# What you need to do
Copy exactly the lines from the line holding "A modern living" through the end of the material, and no others; pictures stay out.

# Raw data
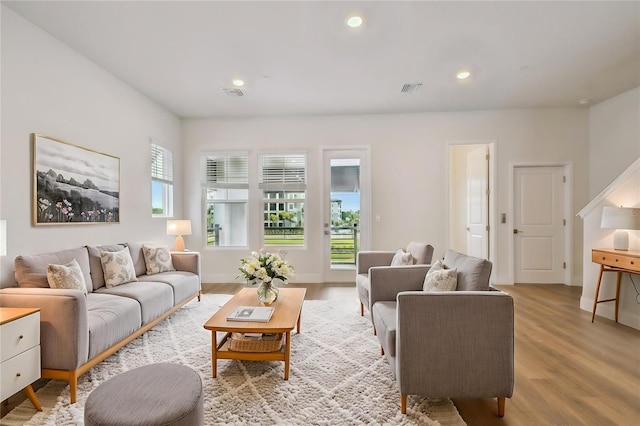 7232 Sutton Ln, Sarasota, FL 34240 - living room with light wood-style flooring, recessed lighting, and baseboards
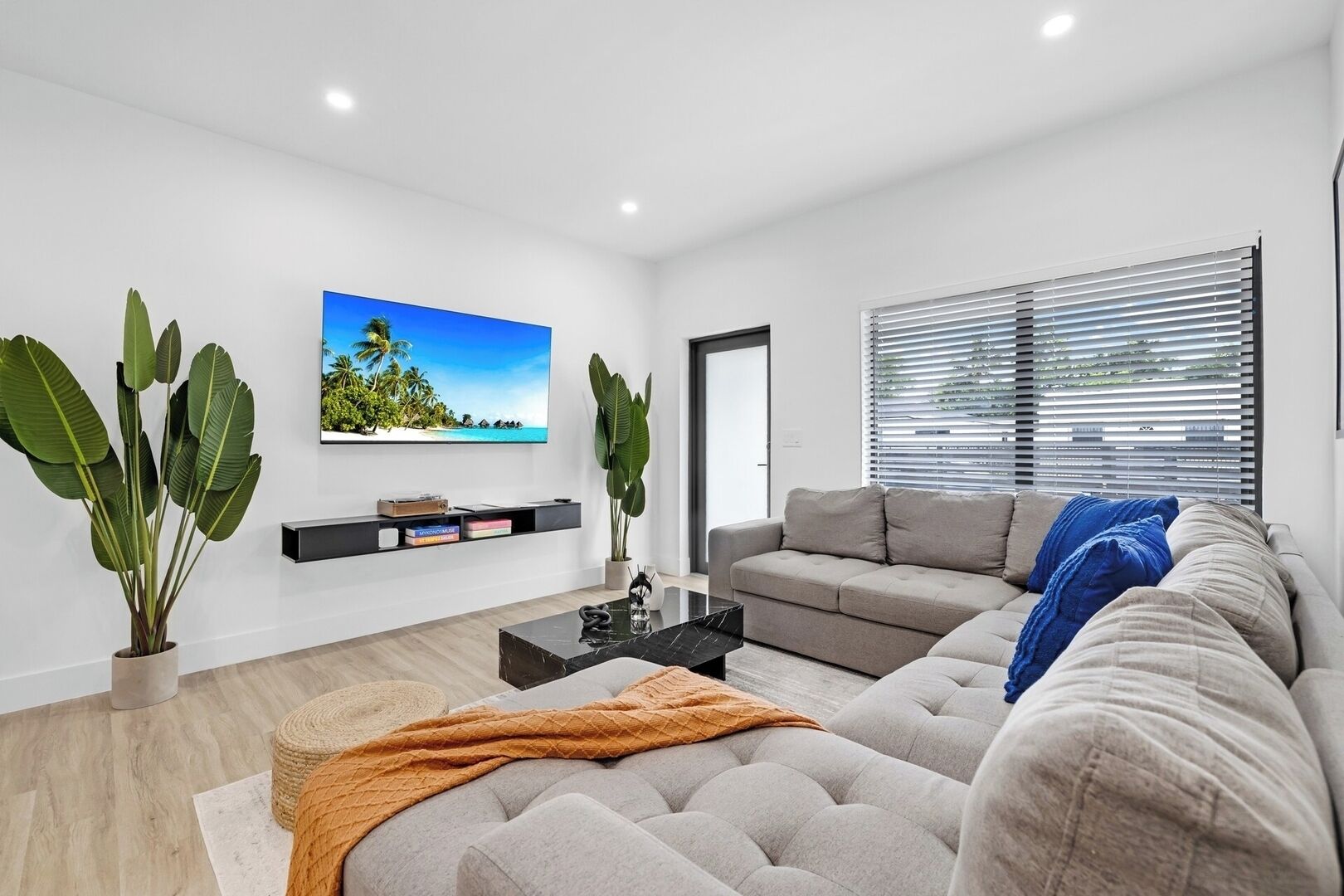 A modern living room with a grey sofa, a coffee table, and a TV mounted on the wall.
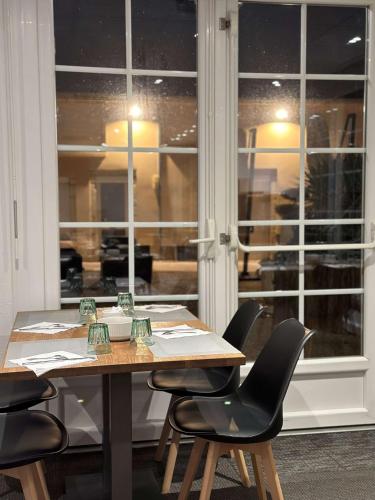 a wooden table with black chairs and a window at La Bonbonniere - Sure Hotel Collection by Best Western in Talant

# Answer section
 A modern living room with a grey sofa, a coffee table, and a TV mounted on the wall.
 a wooden table with black chairs and a window at La Bonbonniere - Sure Hotel Collection by Best Western in Talant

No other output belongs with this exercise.